EXITING because of fatal ERROR: not enough memory for BAM sorting:
SOLUTION: re-run STAR with at least --limitBAMsortRAM 39895949651
Specifying a value is usually unnecessary as STAR uses what's available although STAR will sometimes suggest it.
--limitBAMsortRAM $[SLURM_NTASKS*7000000000]
When increasing resources, I usually increase CPUs and Memory. There doesn't appear to be a way to calculate how much memory is needed before running. Increasing just memory to above the asking is likely a good idea. With the increase in CPUs (threads), STAR will create additional temporary files. However, there is a limit on the number of open files of about 1000. To counter this increase in files,
--outBAMsortingBinsN
must be decreased. It defaults to 50. With 16 threads, it results in 800 temporary sort files. All good.

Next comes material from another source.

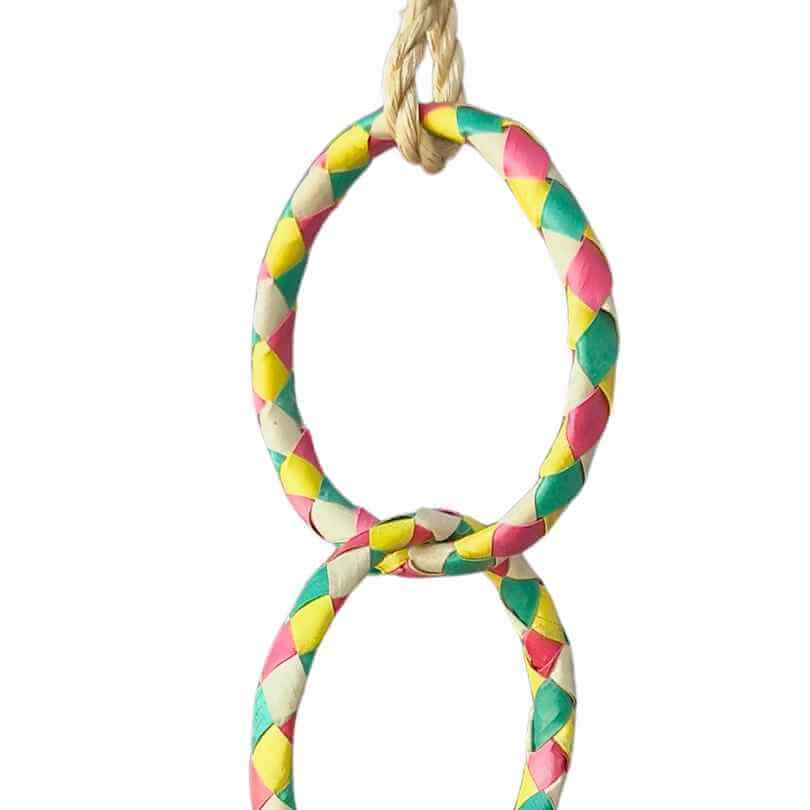 Close-up of the linked woven palm leaf rings on the Woven Wonders Four Rings bird swing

With 32 threads, it appears to try to create 1600 and then fails with.
BAMoutput.cpp:27:BAMoutput: exiting because of *OUTPUT FILE* error: could not create output file /scratch/gwendt/1468442/outdir/02-2483-01A-01R-1849-01+2._STARtmp//BAMsort/5/16
SOLUTION: check that the path exists and you have write permission for this file. Also check ulimit -n and increase it to allow more open files.
The number of threads times the number of sorting bins needs to be less than 1000.
The 26-5134-01A-01R-1850-01+1 sample appears to require the largest amount of sorting memory should you wish to test.